The Great Man-Made River is a network of pipes that supplies water to the Sahara Desert in Libya, from the Nubian Sandstone Aquifer System fossil aquifer.

It is the world's largest irrigation project.

According to its website, it is the largest underground network of pipes (2820 km) and aqueducts in the world. It consists of more than 1,300 wells, most more than 500 m deep, and supplies 6,500,000 m3 of fresh water per day to the cities of Tripoli, Benghazi, Sirte and elsewhere. The Libyan Leader Muammar Gaddafi described it as the "Eighth Wonder of the World."

In 1953, efforts to find oil in southern Libya led to the discovery of large quantities of fresh water underground. The Great Man-made River Project (GMRP) was conceived in the late 1960s and work on the project began in 1984. The project's construction was divided into five phases. The first phase required 85 million m³ of excavation and was inaugurated on 28 August 1991. The second phase (dubbed First water to Tripoli) was inaugurated on 1 September 1996.

The project is owned by the Great Man-Made River Project Authority and was funded by the Gaddafi government.

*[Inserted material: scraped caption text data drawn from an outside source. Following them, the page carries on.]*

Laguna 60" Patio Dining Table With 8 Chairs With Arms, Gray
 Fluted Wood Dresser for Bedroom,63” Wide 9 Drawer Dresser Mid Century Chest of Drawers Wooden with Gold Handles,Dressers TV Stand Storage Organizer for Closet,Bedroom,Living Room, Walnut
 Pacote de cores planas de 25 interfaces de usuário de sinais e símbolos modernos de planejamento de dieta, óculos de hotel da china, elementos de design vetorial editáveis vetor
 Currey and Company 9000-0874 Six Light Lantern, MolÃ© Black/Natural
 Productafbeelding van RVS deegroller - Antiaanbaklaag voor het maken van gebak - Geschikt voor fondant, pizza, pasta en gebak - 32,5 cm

Brown & Root and Price Brothers were responsible for the original design, and the primary contractor for the first phases was Dong Ah Consortium and the present main contractor is Al Nahr Company Ltd. This company was registered in England and Wales as a foreign company FC017848 until 31 July 2003.

The imported goods from several countries worldwide (such as Italy, Spain, Germany, Japan, etc.) destined to the construction of the GMR arrived by sea via the entry port of Brega (Gulf of Sidra).

The total cost of the project is projected at more than US$25 billion.